All of the listing is to be written out word for word, with the pictures left out.

────────────────────

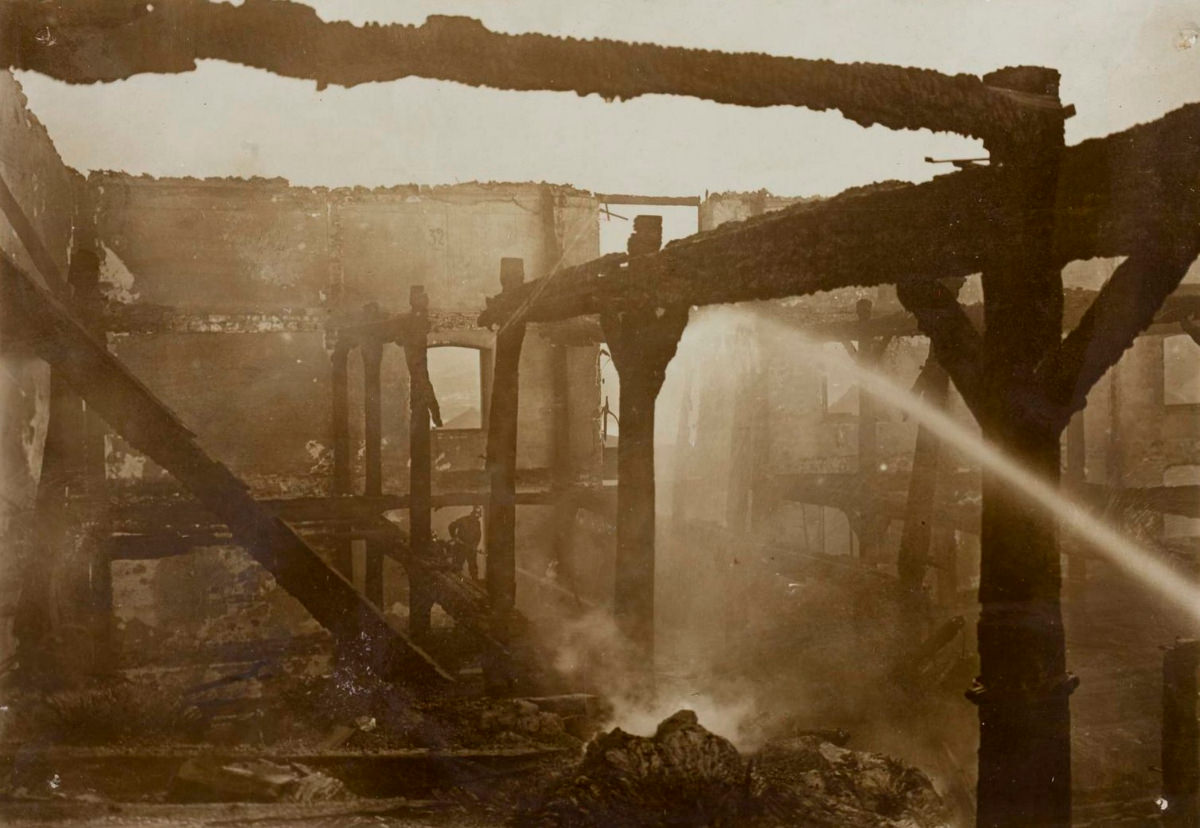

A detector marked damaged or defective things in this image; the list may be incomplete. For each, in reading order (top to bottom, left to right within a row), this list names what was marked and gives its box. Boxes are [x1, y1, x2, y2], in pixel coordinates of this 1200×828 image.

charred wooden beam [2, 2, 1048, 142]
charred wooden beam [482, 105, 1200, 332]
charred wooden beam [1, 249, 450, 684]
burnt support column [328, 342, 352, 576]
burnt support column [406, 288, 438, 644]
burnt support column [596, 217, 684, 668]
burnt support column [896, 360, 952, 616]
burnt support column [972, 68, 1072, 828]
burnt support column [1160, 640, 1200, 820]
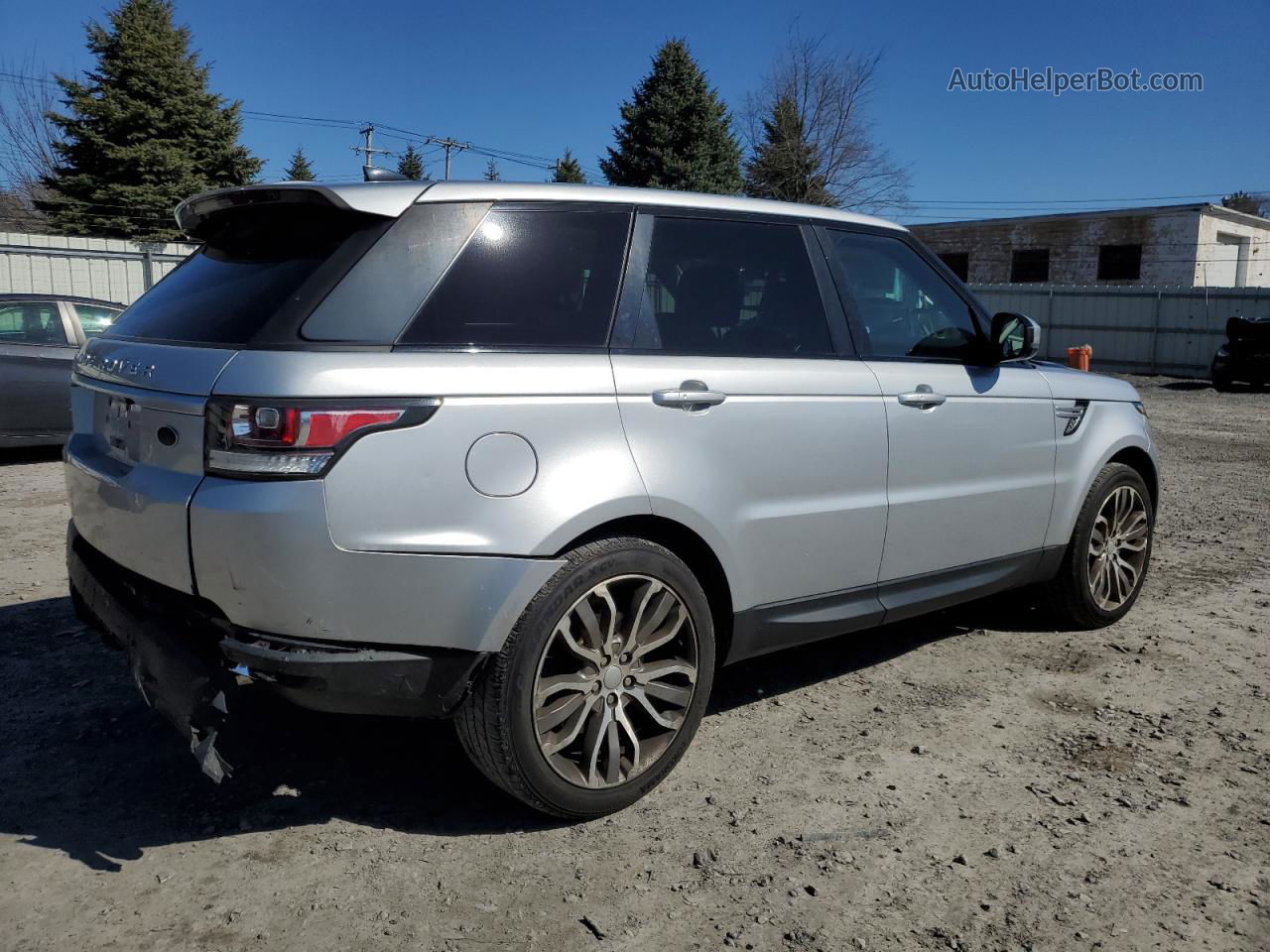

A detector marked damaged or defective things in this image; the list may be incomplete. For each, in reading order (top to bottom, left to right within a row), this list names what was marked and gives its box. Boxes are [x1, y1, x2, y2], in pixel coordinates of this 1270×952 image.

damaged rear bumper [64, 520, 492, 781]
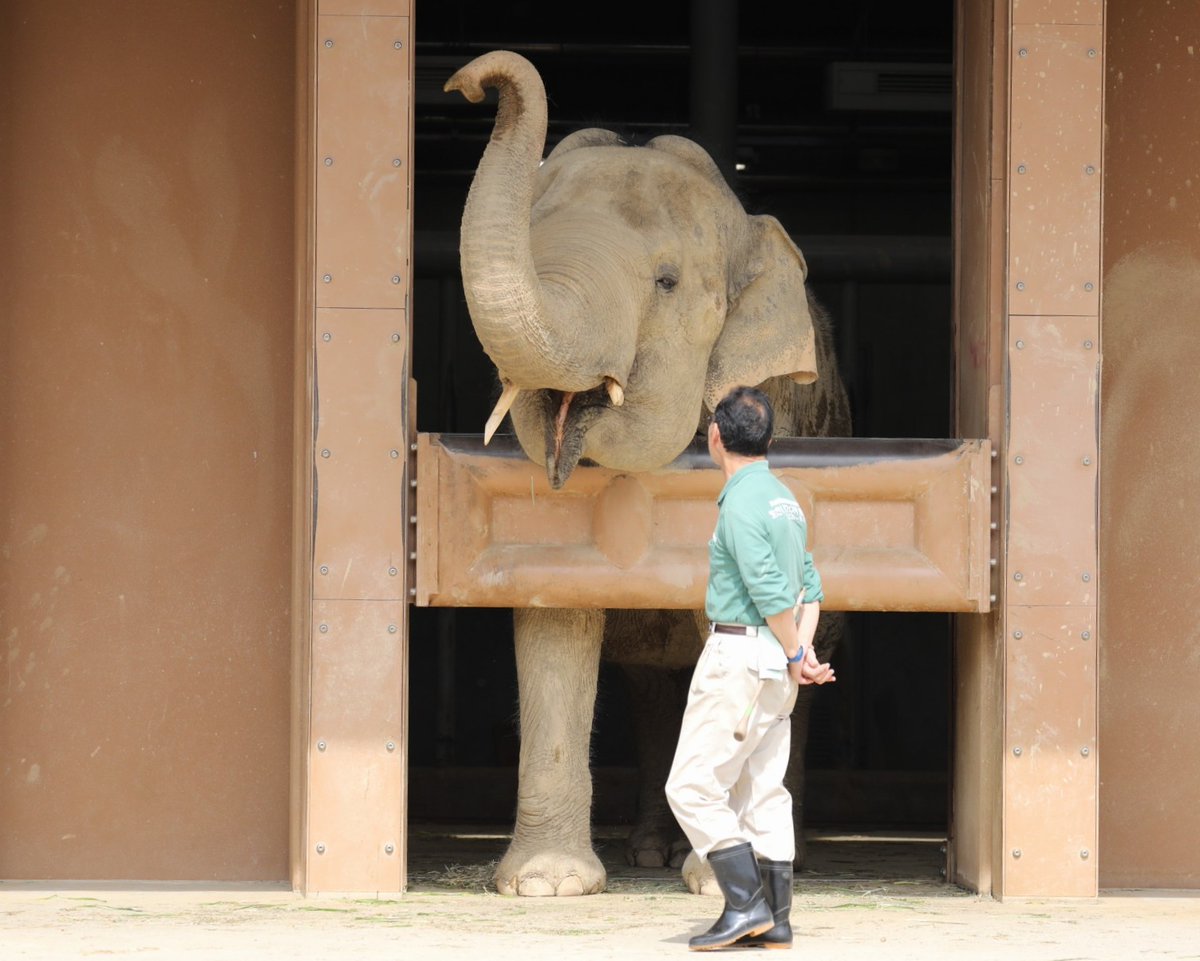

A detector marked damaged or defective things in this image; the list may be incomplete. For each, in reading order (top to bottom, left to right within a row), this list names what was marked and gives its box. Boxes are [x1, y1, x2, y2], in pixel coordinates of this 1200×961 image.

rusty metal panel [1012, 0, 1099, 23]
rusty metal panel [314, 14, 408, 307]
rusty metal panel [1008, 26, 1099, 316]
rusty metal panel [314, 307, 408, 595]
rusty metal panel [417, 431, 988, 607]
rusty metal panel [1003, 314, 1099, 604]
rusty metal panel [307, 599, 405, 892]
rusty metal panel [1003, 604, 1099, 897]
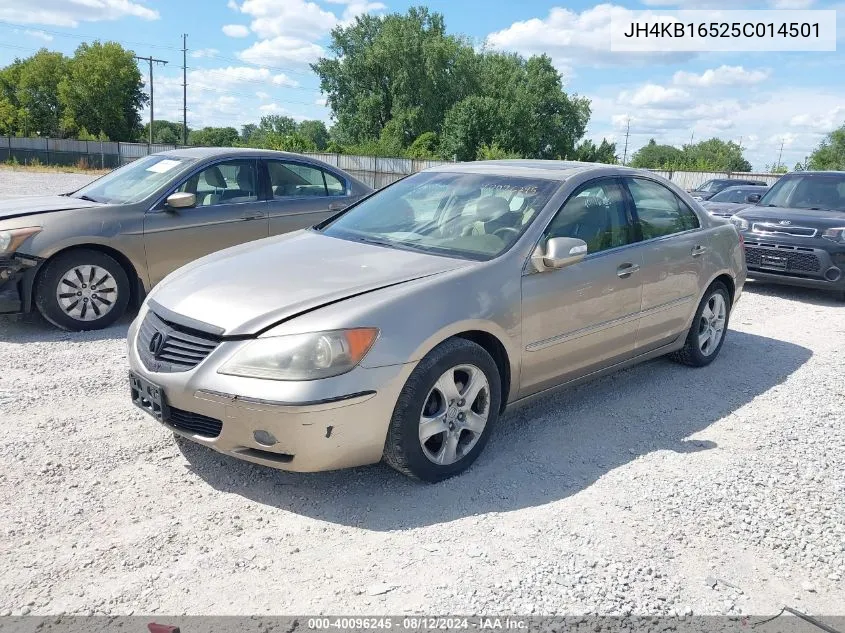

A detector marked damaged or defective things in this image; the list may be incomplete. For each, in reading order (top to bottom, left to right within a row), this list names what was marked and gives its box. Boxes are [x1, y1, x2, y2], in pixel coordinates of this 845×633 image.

────────────────────

*Solved exercise:*
A detector marked damaged or defective things in this image; the list may be incomplete. For each, in reading order (top to bottom, left to right within a row), this list names what was marked and gives its box. Boxes are [x1, y1, x2, y2], in pixel coordinates of this 1200×828 image.

charred wooden beam [2, 2, 1048, 142]
charred wooden beam [482, 105, 1200, 332]
charred wooden beam [1, 249, 450, 684]
burnt support column [328, 342, 352, 576]
burnt support column [406, 288, 438, 644]
burnt support column [596, 217, 684, 668]
burnt support column [896, 360, 952, 616]
burnt support column [972, 68, 1072, 828]
burnt support column [1160, 640, 1200, 820]

A detector marked damaged or defective things in this image; the list may be incomplete. For each, in reading order (top to bottom, left to right within a row), this list names what was marked and gives its box. Boxes are [x1, y1, x2, y2], in pixel coordinates of this 1270×952 image.

damaged rear bumper [64, 520, 492, 781]

A detector marked damaged or defective things in this image; the list may be incomplete. For each, in reading order (top to bottom, left to right within a row), this list names what was marked and gives its box. Boxes are [x1, y1, x2, y2], in pixel coordinates of this 1200×961 image.

rusty metal panel [1012, 0, 1099, 23]
rusty metal panel [314, 14, 408, 307]
rusty metal panel [1008, 26, 1099, 316]
rusty metal panel [314, 307, 408, 595]
rusty metal panel [417, 431, 988, 607]
rusty metal panel [1003, 314, 1099, 604]
rusty metal panel [307, 599, 405, 892]
rusty metal panel [1003, 604, 1099, 897]

A detector marked damaged or defective things in this image; the list may be incomplete. For each, in reading order (top to bottom, left to right within a row), this list names what was marked and gives its box. Boxes are [x1, y1, x2, y2], in pixel coordinates of this 845×633 image.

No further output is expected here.